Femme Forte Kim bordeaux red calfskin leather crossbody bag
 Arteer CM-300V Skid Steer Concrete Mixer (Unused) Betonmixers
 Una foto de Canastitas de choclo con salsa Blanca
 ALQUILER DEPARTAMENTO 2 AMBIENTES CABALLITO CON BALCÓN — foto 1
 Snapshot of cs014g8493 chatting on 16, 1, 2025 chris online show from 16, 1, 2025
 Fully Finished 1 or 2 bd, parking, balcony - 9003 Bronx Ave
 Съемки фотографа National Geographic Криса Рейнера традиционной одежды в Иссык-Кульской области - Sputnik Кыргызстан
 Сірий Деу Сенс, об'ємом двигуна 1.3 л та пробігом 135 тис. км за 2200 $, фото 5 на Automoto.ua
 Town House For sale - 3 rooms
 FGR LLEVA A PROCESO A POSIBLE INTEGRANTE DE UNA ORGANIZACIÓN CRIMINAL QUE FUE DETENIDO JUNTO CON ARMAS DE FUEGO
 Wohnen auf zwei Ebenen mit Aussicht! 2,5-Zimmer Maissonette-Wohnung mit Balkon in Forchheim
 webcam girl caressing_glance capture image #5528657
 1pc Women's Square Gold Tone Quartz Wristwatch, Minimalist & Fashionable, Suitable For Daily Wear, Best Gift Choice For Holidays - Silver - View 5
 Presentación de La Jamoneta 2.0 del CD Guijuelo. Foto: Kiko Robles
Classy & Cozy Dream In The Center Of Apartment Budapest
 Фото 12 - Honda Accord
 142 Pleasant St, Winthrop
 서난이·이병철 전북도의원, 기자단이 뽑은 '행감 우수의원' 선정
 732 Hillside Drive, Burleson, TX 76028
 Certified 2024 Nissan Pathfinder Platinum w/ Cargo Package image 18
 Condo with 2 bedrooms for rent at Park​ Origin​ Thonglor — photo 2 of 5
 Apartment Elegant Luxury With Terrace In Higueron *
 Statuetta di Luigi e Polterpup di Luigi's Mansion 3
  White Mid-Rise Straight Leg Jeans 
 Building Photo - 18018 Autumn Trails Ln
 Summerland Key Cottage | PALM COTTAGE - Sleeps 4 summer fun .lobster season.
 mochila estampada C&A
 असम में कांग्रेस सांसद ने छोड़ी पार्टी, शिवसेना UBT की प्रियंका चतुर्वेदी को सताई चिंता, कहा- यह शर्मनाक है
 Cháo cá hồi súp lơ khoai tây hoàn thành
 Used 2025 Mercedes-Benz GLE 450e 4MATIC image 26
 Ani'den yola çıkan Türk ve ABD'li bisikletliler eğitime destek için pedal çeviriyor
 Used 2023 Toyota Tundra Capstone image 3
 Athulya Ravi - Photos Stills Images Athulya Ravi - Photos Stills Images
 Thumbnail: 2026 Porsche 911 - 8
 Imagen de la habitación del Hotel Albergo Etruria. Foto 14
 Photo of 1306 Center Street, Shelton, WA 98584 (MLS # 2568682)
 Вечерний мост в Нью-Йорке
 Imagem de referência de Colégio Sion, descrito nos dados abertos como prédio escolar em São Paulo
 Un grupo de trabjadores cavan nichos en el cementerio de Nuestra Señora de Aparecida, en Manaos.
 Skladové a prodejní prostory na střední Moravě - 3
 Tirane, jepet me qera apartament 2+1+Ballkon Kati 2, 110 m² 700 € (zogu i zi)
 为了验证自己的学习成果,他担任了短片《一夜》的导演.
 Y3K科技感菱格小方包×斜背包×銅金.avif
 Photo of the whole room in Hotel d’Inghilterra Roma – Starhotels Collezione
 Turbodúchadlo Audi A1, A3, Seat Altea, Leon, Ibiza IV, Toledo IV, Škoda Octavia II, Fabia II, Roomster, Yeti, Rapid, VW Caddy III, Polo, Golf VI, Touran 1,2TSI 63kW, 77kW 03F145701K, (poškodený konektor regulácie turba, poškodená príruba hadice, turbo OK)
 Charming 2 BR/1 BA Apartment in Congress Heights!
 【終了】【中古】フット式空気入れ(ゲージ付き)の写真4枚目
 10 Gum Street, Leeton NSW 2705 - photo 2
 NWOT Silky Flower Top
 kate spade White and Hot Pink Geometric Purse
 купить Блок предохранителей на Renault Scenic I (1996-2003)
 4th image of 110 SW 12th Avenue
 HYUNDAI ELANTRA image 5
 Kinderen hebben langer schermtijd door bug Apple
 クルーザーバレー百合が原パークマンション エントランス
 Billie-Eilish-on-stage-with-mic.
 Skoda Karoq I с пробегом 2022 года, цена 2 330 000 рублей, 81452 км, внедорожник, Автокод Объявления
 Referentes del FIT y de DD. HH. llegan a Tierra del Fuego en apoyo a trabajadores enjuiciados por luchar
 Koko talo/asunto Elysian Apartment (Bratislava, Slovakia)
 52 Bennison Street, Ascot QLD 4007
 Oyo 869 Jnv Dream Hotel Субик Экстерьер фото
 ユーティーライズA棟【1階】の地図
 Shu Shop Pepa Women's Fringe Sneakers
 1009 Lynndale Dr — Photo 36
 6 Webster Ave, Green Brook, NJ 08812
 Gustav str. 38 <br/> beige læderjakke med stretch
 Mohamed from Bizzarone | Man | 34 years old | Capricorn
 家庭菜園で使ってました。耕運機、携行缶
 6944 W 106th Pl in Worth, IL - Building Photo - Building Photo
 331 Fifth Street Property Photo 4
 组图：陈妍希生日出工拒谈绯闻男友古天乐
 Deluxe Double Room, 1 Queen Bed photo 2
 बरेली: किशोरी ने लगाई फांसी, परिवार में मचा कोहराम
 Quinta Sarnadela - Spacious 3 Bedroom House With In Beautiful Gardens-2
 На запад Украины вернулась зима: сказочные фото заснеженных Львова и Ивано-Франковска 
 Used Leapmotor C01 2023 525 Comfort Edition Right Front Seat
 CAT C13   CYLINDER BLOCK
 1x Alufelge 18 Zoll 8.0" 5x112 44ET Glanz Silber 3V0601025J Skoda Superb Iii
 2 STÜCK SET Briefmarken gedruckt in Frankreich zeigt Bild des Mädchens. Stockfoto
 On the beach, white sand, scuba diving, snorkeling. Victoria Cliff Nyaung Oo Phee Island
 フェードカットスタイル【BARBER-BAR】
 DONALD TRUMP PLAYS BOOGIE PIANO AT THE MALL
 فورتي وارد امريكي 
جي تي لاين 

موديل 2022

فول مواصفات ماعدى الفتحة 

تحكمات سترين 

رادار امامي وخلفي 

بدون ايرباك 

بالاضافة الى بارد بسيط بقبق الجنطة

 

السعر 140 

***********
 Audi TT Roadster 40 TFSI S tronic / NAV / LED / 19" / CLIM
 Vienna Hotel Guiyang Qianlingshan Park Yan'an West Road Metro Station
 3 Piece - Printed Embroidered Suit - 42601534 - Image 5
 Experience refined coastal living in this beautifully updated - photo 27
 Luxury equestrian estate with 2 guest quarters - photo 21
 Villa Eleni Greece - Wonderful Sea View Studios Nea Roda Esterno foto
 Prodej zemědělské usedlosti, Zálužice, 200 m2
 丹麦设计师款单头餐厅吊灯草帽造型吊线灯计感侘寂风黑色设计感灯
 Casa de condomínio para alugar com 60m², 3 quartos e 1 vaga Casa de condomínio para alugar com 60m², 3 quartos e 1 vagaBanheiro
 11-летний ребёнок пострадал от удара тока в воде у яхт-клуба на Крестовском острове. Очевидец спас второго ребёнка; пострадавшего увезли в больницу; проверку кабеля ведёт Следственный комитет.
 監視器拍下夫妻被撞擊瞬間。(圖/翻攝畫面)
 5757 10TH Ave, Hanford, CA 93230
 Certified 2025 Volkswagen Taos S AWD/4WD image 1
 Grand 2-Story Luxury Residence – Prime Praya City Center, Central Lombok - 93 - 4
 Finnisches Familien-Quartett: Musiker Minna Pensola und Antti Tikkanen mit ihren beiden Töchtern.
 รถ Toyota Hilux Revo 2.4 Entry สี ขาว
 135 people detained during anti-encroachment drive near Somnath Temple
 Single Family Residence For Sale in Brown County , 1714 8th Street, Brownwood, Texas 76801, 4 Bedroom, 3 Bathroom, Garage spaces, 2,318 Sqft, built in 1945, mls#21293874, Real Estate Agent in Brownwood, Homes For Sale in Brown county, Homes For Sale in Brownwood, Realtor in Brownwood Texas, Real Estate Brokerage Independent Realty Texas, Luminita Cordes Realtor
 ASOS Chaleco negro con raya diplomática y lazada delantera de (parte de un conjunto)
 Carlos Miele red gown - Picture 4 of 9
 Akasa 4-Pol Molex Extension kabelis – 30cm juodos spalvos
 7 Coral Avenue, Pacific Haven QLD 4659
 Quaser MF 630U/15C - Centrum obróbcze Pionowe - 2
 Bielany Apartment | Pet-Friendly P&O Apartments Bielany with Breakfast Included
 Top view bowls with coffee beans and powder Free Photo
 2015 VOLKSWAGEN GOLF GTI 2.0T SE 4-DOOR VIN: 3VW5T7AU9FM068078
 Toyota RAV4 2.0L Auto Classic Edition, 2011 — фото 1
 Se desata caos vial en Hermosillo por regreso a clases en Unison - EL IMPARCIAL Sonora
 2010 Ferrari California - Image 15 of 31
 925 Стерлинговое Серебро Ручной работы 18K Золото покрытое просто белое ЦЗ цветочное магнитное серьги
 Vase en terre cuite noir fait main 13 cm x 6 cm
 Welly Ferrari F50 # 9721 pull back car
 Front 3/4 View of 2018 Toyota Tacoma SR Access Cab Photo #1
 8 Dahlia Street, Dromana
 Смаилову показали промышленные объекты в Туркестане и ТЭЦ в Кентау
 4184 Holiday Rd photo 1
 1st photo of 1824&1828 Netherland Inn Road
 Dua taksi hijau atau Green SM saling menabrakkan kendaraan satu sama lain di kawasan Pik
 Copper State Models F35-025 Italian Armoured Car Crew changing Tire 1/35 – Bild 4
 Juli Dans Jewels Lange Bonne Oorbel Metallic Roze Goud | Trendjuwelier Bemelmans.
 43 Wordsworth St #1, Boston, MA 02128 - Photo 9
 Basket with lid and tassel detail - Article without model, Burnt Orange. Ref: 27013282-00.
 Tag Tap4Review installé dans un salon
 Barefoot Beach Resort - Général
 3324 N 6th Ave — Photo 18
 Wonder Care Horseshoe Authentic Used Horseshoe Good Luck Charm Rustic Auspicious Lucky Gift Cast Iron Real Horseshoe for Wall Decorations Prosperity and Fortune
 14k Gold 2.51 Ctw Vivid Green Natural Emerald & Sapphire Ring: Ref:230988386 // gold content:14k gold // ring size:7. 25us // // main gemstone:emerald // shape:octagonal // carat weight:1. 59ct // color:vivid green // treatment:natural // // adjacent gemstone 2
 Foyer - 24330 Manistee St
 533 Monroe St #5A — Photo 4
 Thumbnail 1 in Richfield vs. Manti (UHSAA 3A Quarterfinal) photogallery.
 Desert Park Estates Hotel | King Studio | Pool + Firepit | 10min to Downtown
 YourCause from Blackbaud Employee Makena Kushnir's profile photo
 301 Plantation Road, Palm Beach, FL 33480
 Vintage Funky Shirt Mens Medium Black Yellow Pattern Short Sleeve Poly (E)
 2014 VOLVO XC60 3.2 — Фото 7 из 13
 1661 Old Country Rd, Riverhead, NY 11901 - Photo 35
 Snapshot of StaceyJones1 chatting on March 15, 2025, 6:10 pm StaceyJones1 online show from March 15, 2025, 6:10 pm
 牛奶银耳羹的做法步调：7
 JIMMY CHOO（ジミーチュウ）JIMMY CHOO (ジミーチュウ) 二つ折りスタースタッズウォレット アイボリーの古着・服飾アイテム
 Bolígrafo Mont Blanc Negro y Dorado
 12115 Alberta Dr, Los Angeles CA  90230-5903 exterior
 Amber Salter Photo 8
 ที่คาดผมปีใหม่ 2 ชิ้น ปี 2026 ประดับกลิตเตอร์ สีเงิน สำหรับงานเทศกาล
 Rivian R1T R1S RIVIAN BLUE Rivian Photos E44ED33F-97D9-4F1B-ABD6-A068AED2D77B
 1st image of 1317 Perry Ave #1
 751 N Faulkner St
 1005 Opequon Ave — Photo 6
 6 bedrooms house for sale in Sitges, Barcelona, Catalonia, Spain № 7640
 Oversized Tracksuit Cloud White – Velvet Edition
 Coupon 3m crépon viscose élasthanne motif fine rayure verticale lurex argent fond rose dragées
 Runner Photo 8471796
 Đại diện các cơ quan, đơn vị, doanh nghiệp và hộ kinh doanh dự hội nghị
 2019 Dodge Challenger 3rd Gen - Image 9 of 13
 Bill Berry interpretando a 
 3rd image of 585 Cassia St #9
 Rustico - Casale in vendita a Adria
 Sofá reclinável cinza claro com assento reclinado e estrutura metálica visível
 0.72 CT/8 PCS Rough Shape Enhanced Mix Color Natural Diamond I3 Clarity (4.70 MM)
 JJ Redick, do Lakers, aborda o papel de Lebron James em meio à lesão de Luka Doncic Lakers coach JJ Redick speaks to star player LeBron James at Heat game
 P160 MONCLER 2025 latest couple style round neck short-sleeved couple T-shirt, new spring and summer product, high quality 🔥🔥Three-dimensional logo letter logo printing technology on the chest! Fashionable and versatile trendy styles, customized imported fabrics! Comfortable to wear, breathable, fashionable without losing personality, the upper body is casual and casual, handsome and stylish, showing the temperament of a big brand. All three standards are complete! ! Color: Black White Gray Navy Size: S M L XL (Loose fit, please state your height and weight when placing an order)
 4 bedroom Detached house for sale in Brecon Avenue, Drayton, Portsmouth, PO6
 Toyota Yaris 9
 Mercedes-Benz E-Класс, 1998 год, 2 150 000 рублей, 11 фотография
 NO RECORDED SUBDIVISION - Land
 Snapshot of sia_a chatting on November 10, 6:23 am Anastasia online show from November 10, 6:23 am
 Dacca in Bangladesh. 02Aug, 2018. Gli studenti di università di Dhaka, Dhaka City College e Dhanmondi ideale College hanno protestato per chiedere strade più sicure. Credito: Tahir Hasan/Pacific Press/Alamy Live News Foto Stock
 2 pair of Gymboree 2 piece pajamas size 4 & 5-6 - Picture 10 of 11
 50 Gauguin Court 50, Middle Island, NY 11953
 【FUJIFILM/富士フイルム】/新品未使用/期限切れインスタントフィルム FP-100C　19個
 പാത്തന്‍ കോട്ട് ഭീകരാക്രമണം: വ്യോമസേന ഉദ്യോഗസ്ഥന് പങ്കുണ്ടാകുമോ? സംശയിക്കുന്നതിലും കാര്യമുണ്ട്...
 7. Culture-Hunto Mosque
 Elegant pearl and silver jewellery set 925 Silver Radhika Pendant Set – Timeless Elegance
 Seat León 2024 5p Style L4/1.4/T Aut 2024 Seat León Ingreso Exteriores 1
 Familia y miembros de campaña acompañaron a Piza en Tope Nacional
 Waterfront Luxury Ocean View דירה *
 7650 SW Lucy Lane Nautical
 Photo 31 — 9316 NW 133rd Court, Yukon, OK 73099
▬▬▬▬▬▬
### TASK TO COMPLETE
Repeat, word for word, the lines above between the line holding "Summerland Key Cottage" and the line holding "Skladové a prodejní", inclusive; omit everything else.

### WORKED SOLUTION
 Summerland Key Cottage | PALM COTTAGE - Sleeps 4 summer fun .lobster season.
 mochila estampada C&A
 असम में कांग्रेस सांसद ने छोड़ी पार्टी, शिवसेना UBT की प्रियंका चतुर्वेदी को सताई चिंता, कहा- यह शर्मनाक है
 Cháo cá hồi súp lơ khoai tây hoàn thành
 Used 2025 Mercedes-Benz GLE 450e 4MATIC image 26
 Ani'den yola çıkan Türk ve ABD'li bisikletliler eğitime destek için pedal çeviriyor
 Used 2023 Toyota Tundra Capstone image 3
 Athulya Ravi - Photos Stills Images Athulya Ravi - Photos Stills Images
 Thumbnail: 2026 Porsche 911 - 8
 Imagen de la habitación del Hotel Albergo Etruria. Foto 14
 Photo of 1306 Center Street, Shelton, WA 98584 (MLS # 2568682)
 Вечерний мост в Нью-Йорке
 Imagem de referência de Colégio Sion, descrito nos dados abertos como prédio escolar em São Paulo
 Un grupo de trabjadores cavan nichos en el cementerio de Nuestra Señora de Aparecida, en Manaos.
 Skladové a prodejní prostory na střední Moravě - 3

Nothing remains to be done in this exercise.